All this experience and knowledge has culminated in their latest product, DNAfabric, which is the Swiss pocket knife of data-management in today's world. Many companies provide subsets of DNAfabric's functionality but they are limited to a specific workflow or task. DNAfabric, on the other hand, supports all types of data storage and data transfers between any destination (local and remote), multi-site syncs, recovering valuable storage space via stublink tiering, and disaster recovery replication across disk storage, cloud and WAN. It provides two main sets of services: ‘Mobility’ and ‘Visibility’.
Visibility
Through the DNAfabric interface an organisation can index, monitor, and manage all their storage locations (disk, tape, camera cards, cloud), local and remote. Visibility services are powered by a powerful analytics engine and offer the capability to monitor how much space specific projects, departments, or particular users are using. You can also monitor the existence of duplicates for deletion or SLAs and disaster recovery purposes as well as, customisable graphs, metrics and much more. This is more suitable for larger and corporate organisations with large data sets.
Mobility
DNAfabric transfers data across disk, cloud, and WAN, including some very interesting and powerful hybrid cloud workflows, one of which is ‘Remote Shared Workspaces for Creative Workflows’ which we are going to expand on below.

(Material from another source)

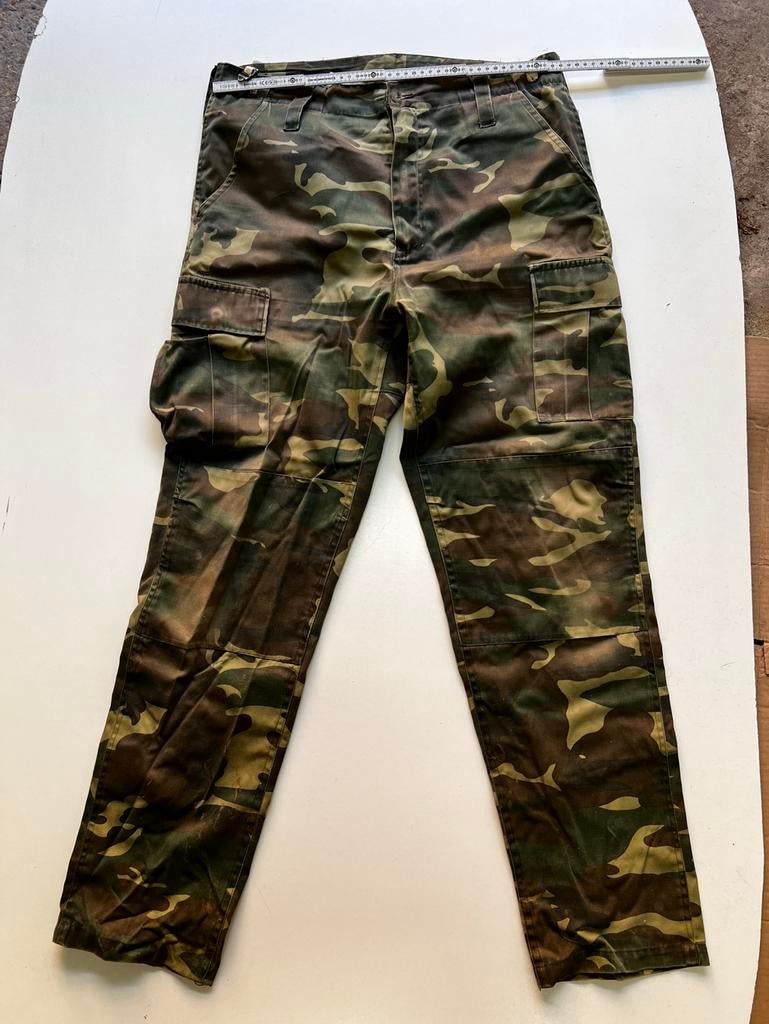 Camouflage broek, Ophalen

DNAfabric can easily move data from local online storage to cloud and from cloud to remote locations and from the outset included the features and technology to facilitate remote edit collaboration. On top of this the SDNA team have worked hard over the last few months to infuse their coding magic and knowledge of Avid workflows further into Fabric and enable Remote Shared Workspaces for Avid.
Remote Shared Workspaces
The Remote Shared Workspaces workflow simulates a local network environment to a large degree, with project sharing and bin locking features independent of the application. Due to the technicalities of the workflow, being remote, there are of course some differences. The model is based on uploads/downloads between a small cloud cache , the main storage at a post-production facility and remote users.
How It Works
A user or administrator at the main facility can configure a project and the relevant media to be shared via DNAfabric remote shared workspaces. The project and media folders are synced to the cloud cache first and then to the local storage of remote editors.
♦ Remote editors can then do their edits and changes, and these are automatically uploaded to the cache and downloaded to the main server and the other remote users.
♦ Shared workspaces support locked-for-write bins and project files. As remote users' files are synced across all other remote locations, they are read-locked, enabling other creatives to review without overwriting.
♦ In terms of collaboration a remote editor can only open, but not modify, the locked bin of another remote user. They could though, for example duplicate a sequence, copy it to their own bin and then add their changes and edits, which in turn are synced back to all other locations for the rest of the team to preview and following the steps mentioned above to add their own changes.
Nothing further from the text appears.